FLow Induced Phase Transitions is a new European Commission H2020 Future Emerging Technologies OPEN project that seeks to change the way we currently think about plastic processing.
The production of plastics in the EU employs 1.45M people and has a turnover of €89B but comes at an environmental cost, consuming ~778GWh of energy per annum, with commensurate CO2 emissions. Currently there is no alternative technology which can compete with existing thermoplastics processing, a process by which the majority of materials are produced through refining oil, polymerisation and extrusion, all at high temperatures. This is a key challenge for industry with pressure increasing to develop low energy, high-quality, wet-processing techniques for consumer products.
We intend to change this landscape with FLIPT.

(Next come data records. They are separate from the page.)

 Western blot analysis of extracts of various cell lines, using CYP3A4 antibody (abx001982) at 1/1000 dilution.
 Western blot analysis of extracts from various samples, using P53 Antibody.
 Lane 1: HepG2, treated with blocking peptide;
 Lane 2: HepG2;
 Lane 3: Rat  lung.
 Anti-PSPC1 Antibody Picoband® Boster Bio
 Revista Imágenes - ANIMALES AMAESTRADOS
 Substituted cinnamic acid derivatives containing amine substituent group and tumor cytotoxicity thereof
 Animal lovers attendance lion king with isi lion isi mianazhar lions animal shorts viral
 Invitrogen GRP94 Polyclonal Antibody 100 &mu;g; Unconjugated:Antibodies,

Over hundreds of millions of years, Nature has evolved numerous strategies for efficient processing of its materials. One such solution has recently arisen from natural silk spinning in the form of FLIPT: FLow Induced Phase Transitions, a truly disruptive process which we believe could hold the key to a new low energy paradigm for polymer processing. Our research to date has shown that silk is at least 1000 times more efficient at processing than a standard polymer by solidifying through dehydration as a result of flow.
This project brings together researchers across the EU into one interdisciplinary team working on translating lessons from nature to make a new range of bio-inspired polymers, aquamelts, that can be processed with minimal energy input.

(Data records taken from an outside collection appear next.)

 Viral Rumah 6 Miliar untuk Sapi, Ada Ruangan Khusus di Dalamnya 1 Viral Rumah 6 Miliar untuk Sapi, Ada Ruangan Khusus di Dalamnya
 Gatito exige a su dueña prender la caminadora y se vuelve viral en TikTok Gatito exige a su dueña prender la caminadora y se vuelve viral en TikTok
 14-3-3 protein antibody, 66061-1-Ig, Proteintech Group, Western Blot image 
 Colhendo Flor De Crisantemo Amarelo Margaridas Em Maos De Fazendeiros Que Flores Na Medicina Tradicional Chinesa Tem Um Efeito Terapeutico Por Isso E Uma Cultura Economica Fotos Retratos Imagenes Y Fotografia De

Our aim is to understand and reverse engineer natural aquamelts in order to establish a completely new bioinspired paradigm for polymer processing. Furthermore not only will this be a completely disruptive technology platform, it also promises to be orders of magnitude more energy efficient and “greener”; being performed at room temperature and water being the only direct by-product of processing. This will be sought through the delivery of two ambitious, yet achievable, objectives:
1) Reverse-engineering natural aquamelts: Learning from silk to develop a fundamental understanding of this novel processing mechanism, which will serve as a design criterion for our biopolymers.
2) Re-evolve candidate biopolymers into aquamelts. Apply our criteria and chemistry to reconfigure a candidate biopolymer’s hydration state to match that of a naturally occurring aquamelt. The primary candidate will be widely-available and cheap cellulose, harnessing our decades of experience in its modification and we will also explore the potential of plant polyesters (suberin and cutin), which are commonly regarded as industrial waste stream products.
Such ambition can only be achieved through a highly interdisciplinary consortium and partnership which we have assembled consisting of the diverse fields of zoology, botany, chemistry, physics and materials science and SME partners.
Once accomplished, this project could generate an entirely new state-of-the-art competence and technology for the EU where our novel chemistry and predictive models will be used to design and produce a new range of materials from synthetic or natural sources that can access an aquamelt’s low energy processing route.